Spatialising Antagonism: The materialities of political (de)polarisation in contemporary Budapest, Hungary

This project is a study of the relationships between space and the political in contemporary Budapest. Over the course the last decade, as Hungarian politics and society has undergone an ‘illiberal’ turn, this transition has been reflected in city’s space. This political reconfiguration of space is evidenced at a variety of scales, from the intensely micro-quotidian level to more overtly ambitious architectural projects; From mandatory notices posted on bookshop doors alerting potential customers that, here, they will find texts of a ‘non-traditional’ nature (thus outside the bounds of ‘good society’), to the erection of statues that re-articulate a vision of Hungary’s history which legitimates the current regime.
All of which amounts to a complex constellation of material-discursive practices that re-shape the routines and spaces that constitute everyday life in Budapest. Yet, in so far as space is the product of power, these processes are highly contested because Budapest remains a largely liberal and cosmopolitan city. The project will examine how such processes are frustrated through other (spatial) practices, be these the creation of ‘free spaces’, re-claiming the streets through protest, or various communal projects. The study brings together two major currents within Political Discourse Theory, namely studies of populism and the development of a ‘post-foundational’ spatial analysis.
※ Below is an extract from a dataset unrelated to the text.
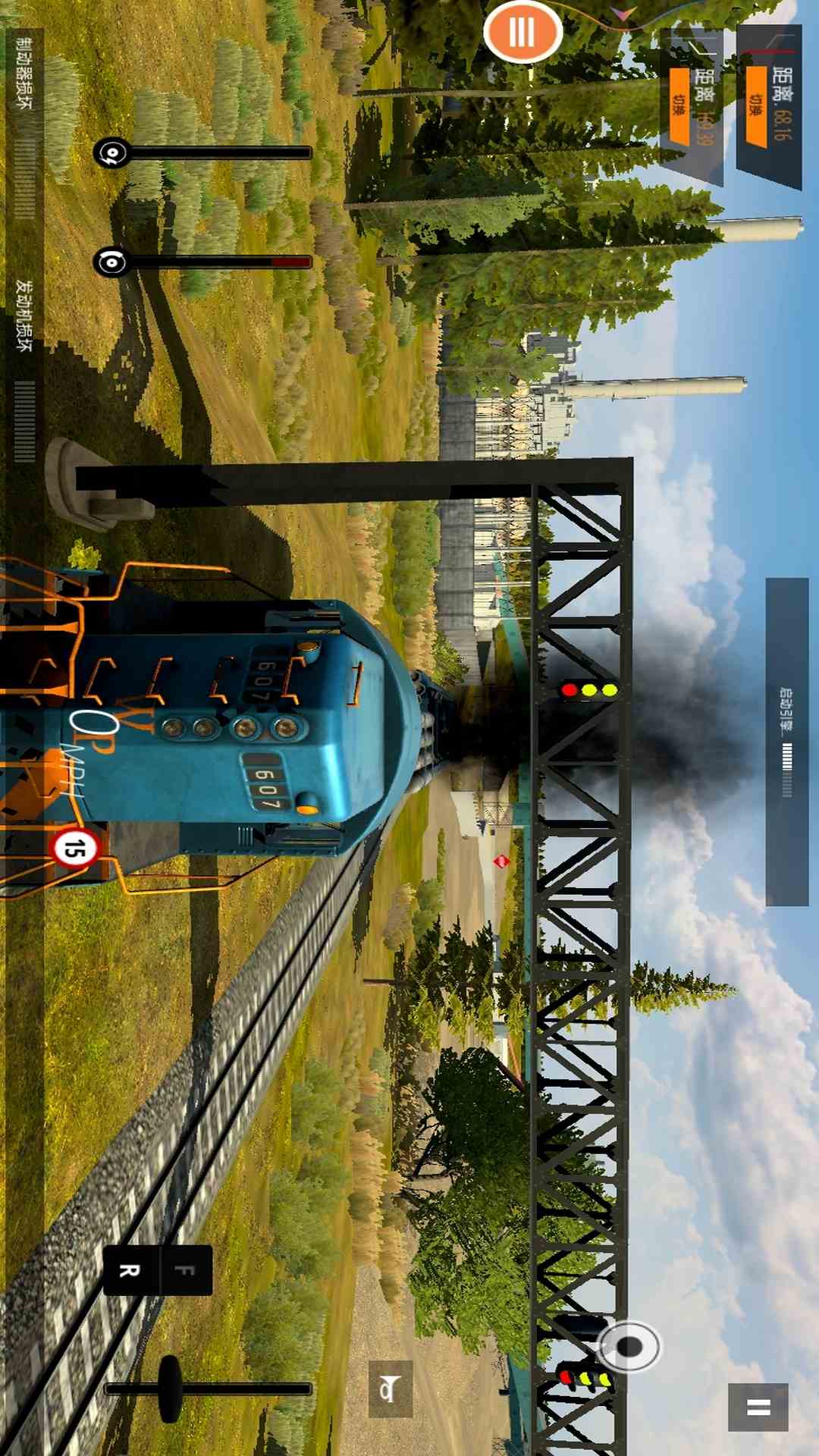 模拟火车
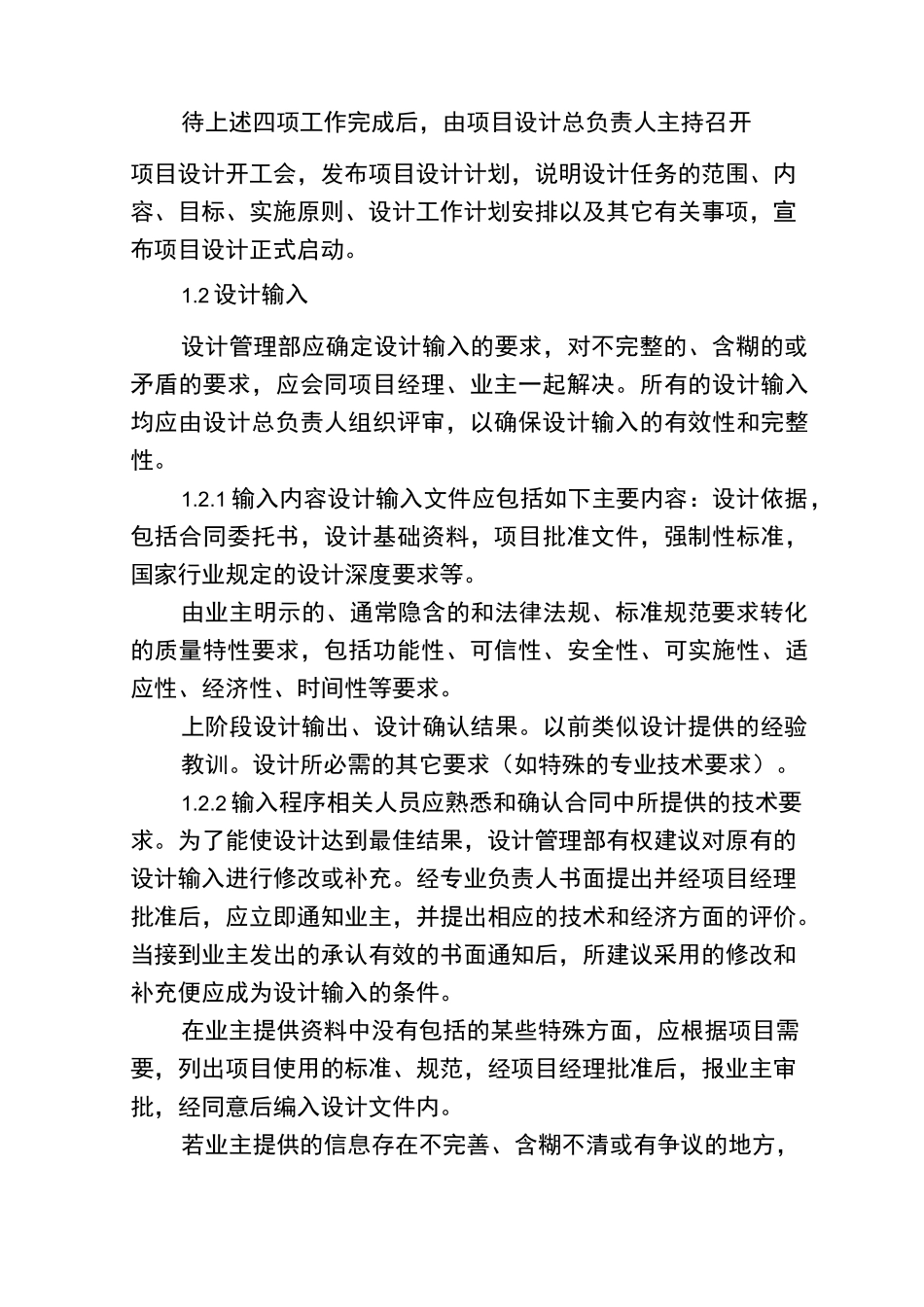 EPC工程总承包项目设计管理程序_第2页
In its focus on spatial practices, it contributes to populist studies, which largely tend to focus on political discourses (traditionally understood) and less so the material practices through which order becomes embedded and reproduced.

Education

PhD 2020 Political Science, Sociology, National University of Ireland, Galway
BA 2015 Political Science, Sociology, and History, National University of Ireland, Galway

Current Appointment

Irish Research Council Post-Doctoral Fellow, University College Dublin.

Most recent publications

“Spatialising antagonism: A post-foundational analysis of the spatial dynamics of violence in nineteenth century Derry.” Environment and Planning C: Politics and Space 40, Nr. 8 (2022): 1677-1692.
“Understanding insurgency: popular support for the PKK in Turkey”, Journal of Political Power, 16 Nr.3 (2023): 401-406.
“The spatialisation of the political imagination: A political discourse analysis of space, fantasy and inter-communal conflict in Derry city.” Critical Discourse Studies 20, Nr. 6 (2023): 602-617.
“Violence, space, and the political logics of territoriality: a case of peasant resistance in early-nineteenth century Ireland.” Distinktion: Journal of Social Theory 19, Nr. 3 (2018): 306-327.